A misrepresentation is a false statement of a material fact made by one party which affects the other party’s decision in agreeing to a contract.
If the misrepresentation is discovered, the contract can be declared void. Depending on the situation, the adversely impacted party may seek damages. In this type of contract dispute, the party that is accused of making the misrepresentation is the defendant, and the party making the claim is the plaintiff.
A seller of a car in a private transaction could misrepresent the number of miles to a prospective buyer, which could cause the person to purchase the car. If the buyer later finds out that the car had much more wear and tear than represented, they can file a suit against the seller.
In higher stakes situations, a misrepresentation can be considered an event of default by a lender, for instance, in a credit agreement. Meanwhile, misrepresentations can be grounds for termination of a mergers and acquisitions (M&A) deal, in which case a substantial break fee could apply.
In some situations, such as where a fiduciary relationship is involved, misrepresentation can occur by omission. That is, misrepresentation may occur when a fiduciary fails to disclose material facts of which they have knowledge.
A duty also exists to correct any statements of fact that later become known to be untrue. In this case, the failure to correct a previous false statement would be a misrepresentation.
Types of Misrepresentations
There are three types of misrepresentations.
Innocent misrepresentation is a false statement of material fact by the defendant, who was unaware at the time of contract signing that the statement was untrue. The remedy in this situation is usually rescission or cancellation of the contract.
Negligent misrepresentation is a statement that the defendant did not attempt to verify was true before executing a contract. This is a violation of the concept of “reasonable care” that a party must undertake before entering an agreement. The remedy for negligent misrepresentation is contract rescission and possibly damages.
Fraudulent misrepresentation is a statement that the defendant made knowing it was false or that the defendant made recklessly to induce the other party to enter a contract. The injured party can seek to void the contract and to recover damages from the defendant.
Conditions to Prove Misrepresentation
In order to recover damages due to misrepresentation, there are six legal bars for the plaintiff to overcome. The plaintiff must be able to show that:
- A representation was made;
- The representation was false;
- The defendant knew at the time that the representation was false, or recklessly made the statement without knowledge of its truth;
- The representation was made with the intention that the plaintiff would rely on it;
- The plaintiff did rely on the false representation; and
- The plaintiff suffered harm by relying on the false representation.
All six of these requirements must be met in order for a plaintiff to win a case for misrepresentation.
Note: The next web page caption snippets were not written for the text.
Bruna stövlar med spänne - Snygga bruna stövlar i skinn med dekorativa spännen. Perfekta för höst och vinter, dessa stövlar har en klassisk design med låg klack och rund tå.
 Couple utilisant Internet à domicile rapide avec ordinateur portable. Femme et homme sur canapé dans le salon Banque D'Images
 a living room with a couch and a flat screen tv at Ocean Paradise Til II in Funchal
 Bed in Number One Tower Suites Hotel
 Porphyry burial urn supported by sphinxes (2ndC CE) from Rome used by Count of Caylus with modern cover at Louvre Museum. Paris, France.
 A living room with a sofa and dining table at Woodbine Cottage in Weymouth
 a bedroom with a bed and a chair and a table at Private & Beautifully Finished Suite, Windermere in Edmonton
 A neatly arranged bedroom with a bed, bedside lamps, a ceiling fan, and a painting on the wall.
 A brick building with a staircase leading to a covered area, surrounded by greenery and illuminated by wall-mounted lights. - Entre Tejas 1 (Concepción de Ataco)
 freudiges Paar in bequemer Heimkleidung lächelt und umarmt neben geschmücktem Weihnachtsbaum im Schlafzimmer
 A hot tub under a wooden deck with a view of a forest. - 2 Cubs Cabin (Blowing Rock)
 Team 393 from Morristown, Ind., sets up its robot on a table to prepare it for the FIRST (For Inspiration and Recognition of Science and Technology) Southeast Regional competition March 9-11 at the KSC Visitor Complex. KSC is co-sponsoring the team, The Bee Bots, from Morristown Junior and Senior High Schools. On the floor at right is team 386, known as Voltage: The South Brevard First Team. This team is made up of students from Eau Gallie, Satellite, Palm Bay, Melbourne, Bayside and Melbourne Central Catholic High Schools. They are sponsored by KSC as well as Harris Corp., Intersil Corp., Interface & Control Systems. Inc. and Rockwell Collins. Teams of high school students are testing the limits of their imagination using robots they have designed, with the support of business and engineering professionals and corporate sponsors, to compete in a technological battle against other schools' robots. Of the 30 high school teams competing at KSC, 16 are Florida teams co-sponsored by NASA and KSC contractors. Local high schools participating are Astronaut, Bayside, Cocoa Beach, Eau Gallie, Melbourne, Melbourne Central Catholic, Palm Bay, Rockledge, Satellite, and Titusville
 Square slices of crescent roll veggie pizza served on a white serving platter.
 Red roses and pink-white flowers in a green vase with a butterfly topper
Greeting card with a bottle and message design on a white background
A defendant in one of these cases need not disprove all six of these claims.
Example of Misrepresentation
In 2022, Tesla CEO Elon Musk offered to purchase Twitter for $43 billion, an offer which the company at first resisted and then accepted. A few weeks later, and after a substantial fall in Twitter’ share price, Musk attempted to back out of the deal, claiming that Twitter had misrepresented the number of human users on the platform.
According to his termination letter, Musk alleged that Twitter had knowingly misrepresented the number of live users on its platform, and that he had relied on those false representations when he made his takeover offer. In response, Twitter claimed that Musk’s allegations were “factually inaccurate” and that the billionaire was simply trying to back out of the merger that he himself had initiated.
What Is a Material Misrepresentation?
A material misrepresentation is a promise, false statement, or omission of facts that would cause another party to act differently if the whole truth were known. An example of a material misrepresentation is incorrectly stating one’s income on a mortgage application or omitting key risk factors on an application for insurance coverage.
What Is Misrepresentation in Insurance?
In insurance, a misrepresentation is a lie or concealment of facts that can void an insurance contract if the insurer discovers the misrepresentation. For example, if a homeowner installs a pool but tells their insurer that they do not have a pool, the insurer may be able to void the policy if they discover the misrepresentation.
What Is Misrepresentation in Real Estate?
In real estate, misrepresentation is a lie or reckless untruth that affects the market value of a home or property. A common example of this is misrepresenting the square footage of a property. Since sales prices are often based on square footage, a buyer can often sue for misrepresentation even after a purchase is finalized.
Misrepresentation is a legal term for any type of falsehood or omission of fact that affects the behavior of a contractor or other party. Contrary to popular belief, misrepresentation does not just mean deliberate lies—it can also include accidental omissions or reckless statements without certainty of the facts.